[Exercise input Boundary: Start]

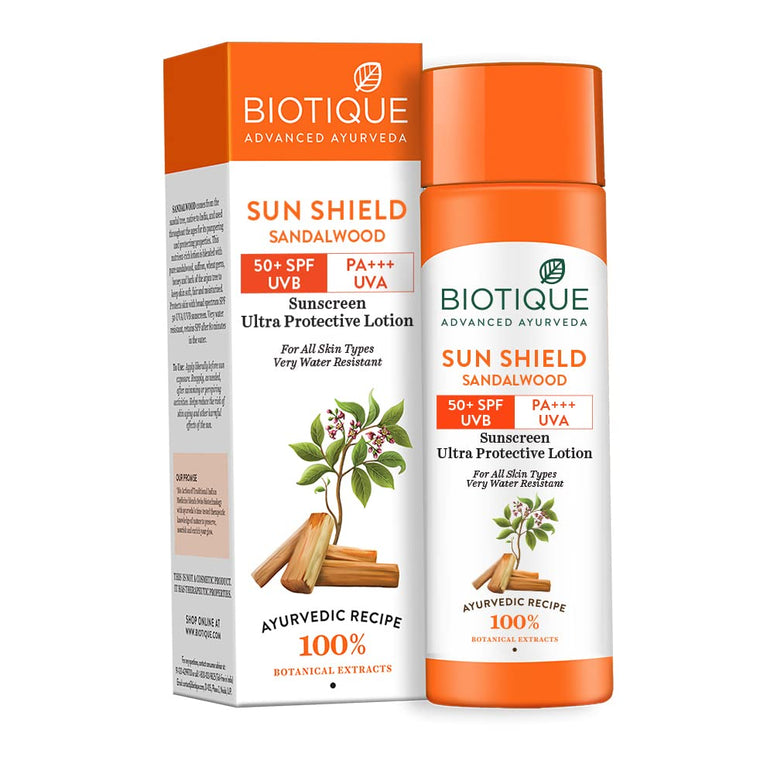 Biotique Advanced Ayurveda Sun Shield sandalwood 50+SPF UVB Sunscreen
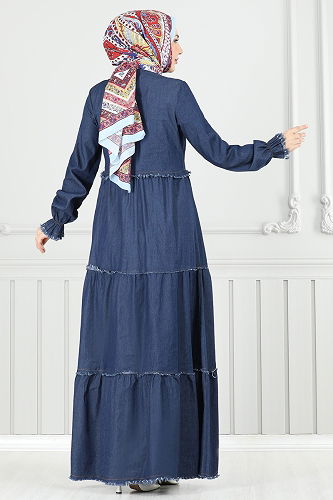 moda selvim Dress 25018MTS1094 Dark Denim - Thumbnail
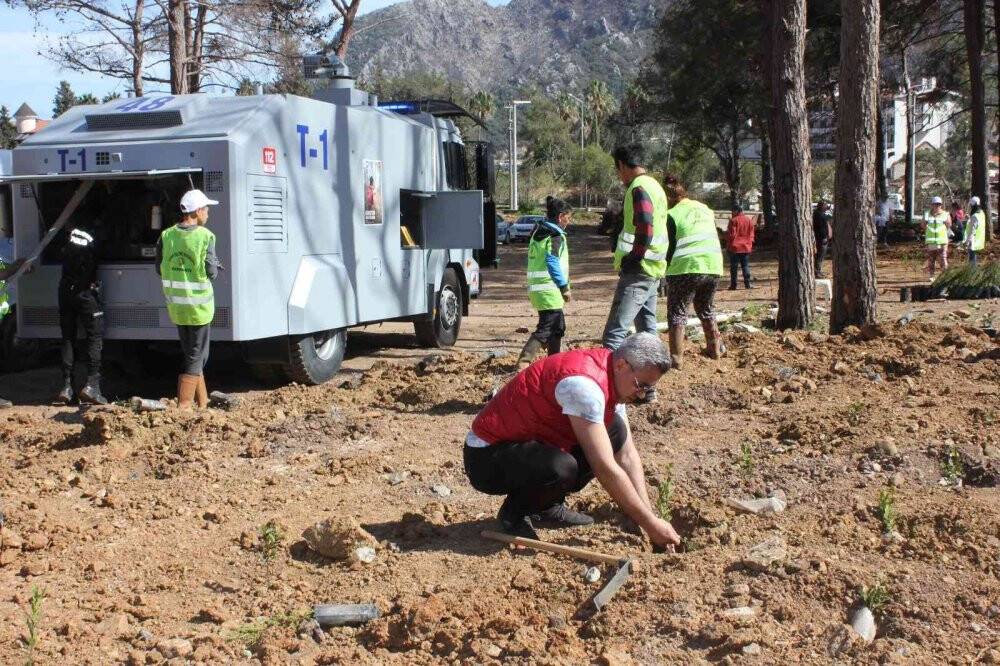 Polisler aileleri ile yanan alanlara fidan diktiler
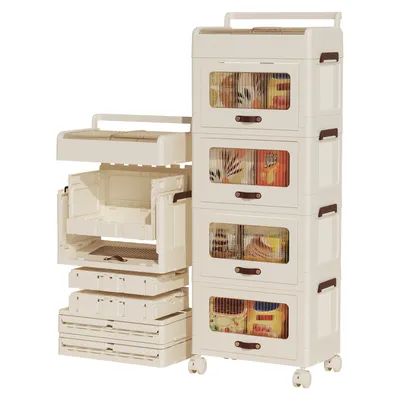 Produktbild von Heikoeco® Faltbare Schubladenboxen mit Deckel& Rollen, Rollcontainer mit Schubladen weiß, Schubladenschrank Kunststoff (4 Fächer mit 1 Schubladen)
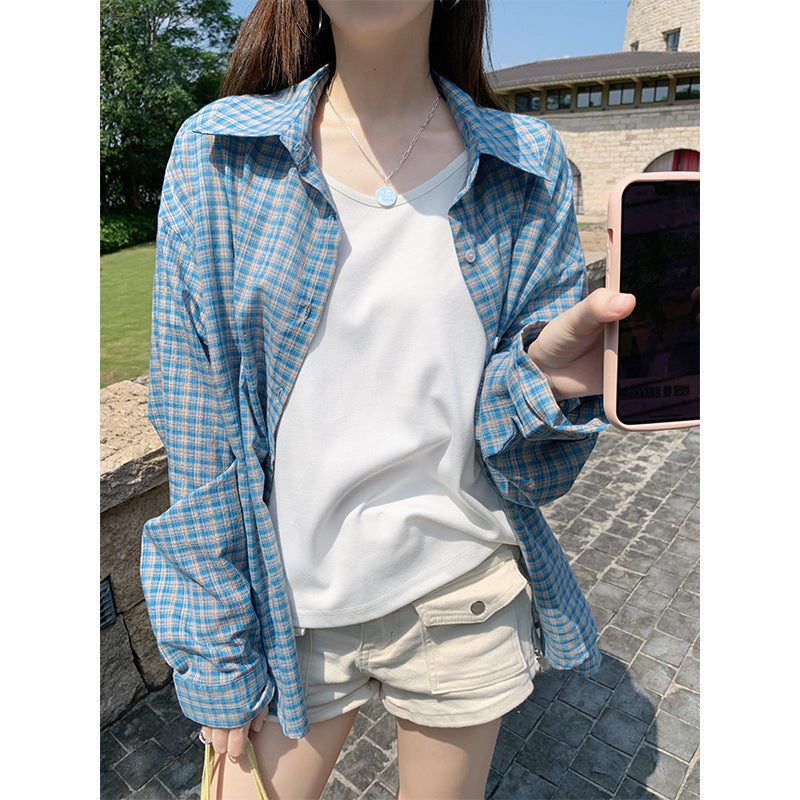 Blue Plaid Loose Shirt Women Sun Protection Jacket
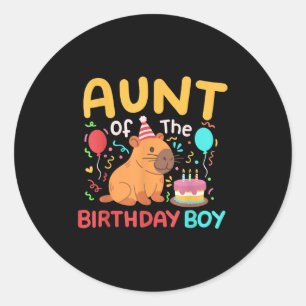 Aunt Of The Birthday Boy Capybara Kids Bday Family Classic Round Sticker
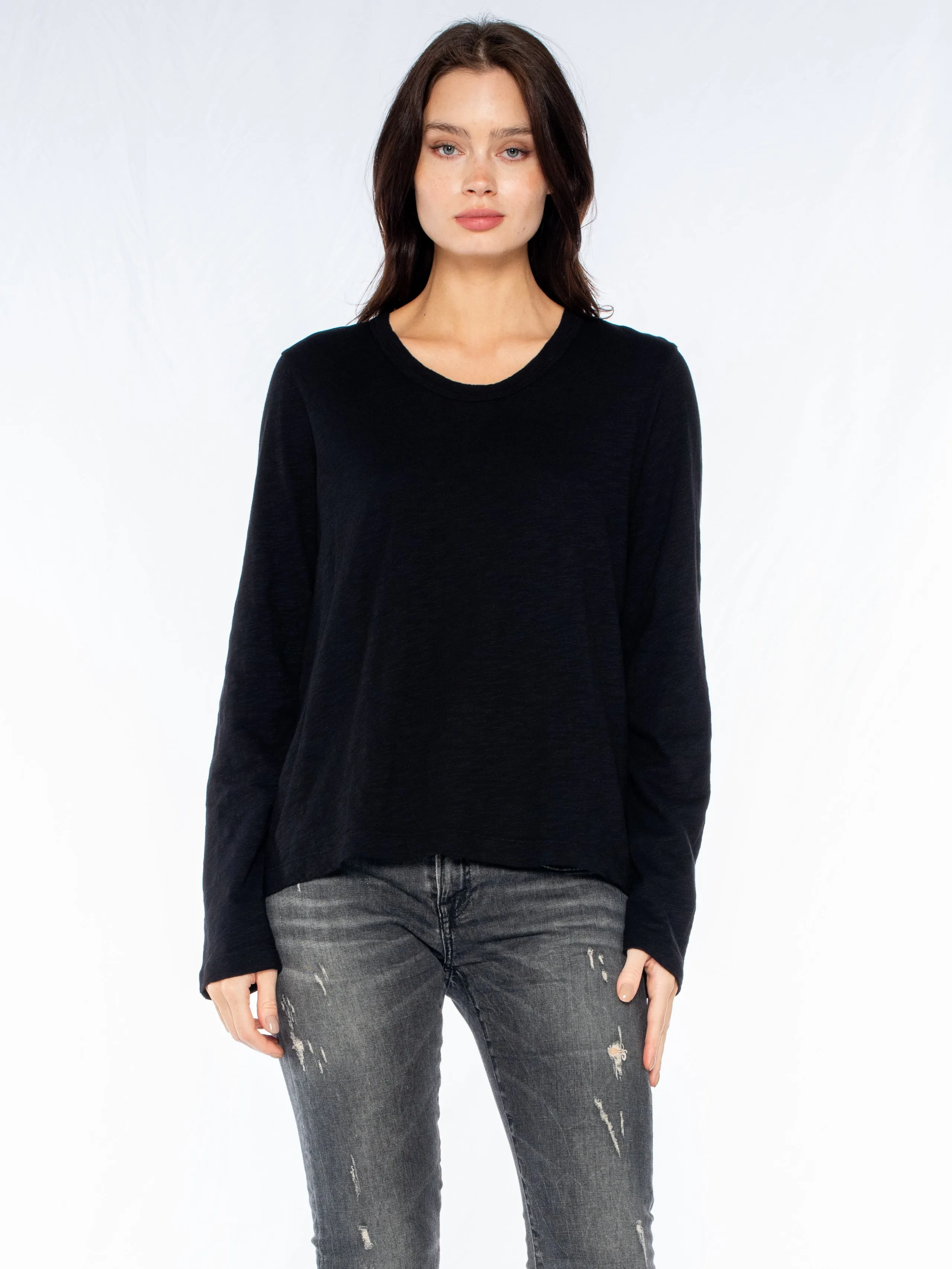 Love Glow Shape Hug Crew L/S Drama Crossover Back Slub Tee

[Exercise input Boundary: End]

* _Problem_
Only one stretch of the entries above is needed: the lines from the one containing "moda selvim Dress" through the one containing "Blue Plaid Loose". Copy it exactly, without the pictures.

* _Worked solution_
 moda selvim Dress 25018MTS1094 Dark Denim - Thumbnail
 Polisler aileleri ile yanan alanlara fidan diktiler
 Produktbild von Heikoeco® Faltbare Schubladenboxen mit Deckel& Rollen, Rollcontainer mit Schubladen weiß, Schubladenschrank Kunststoff (4 Fächer mit 1 Schubladen)
 Blue Plaid Loose Shirt Women Sun Protection Jacket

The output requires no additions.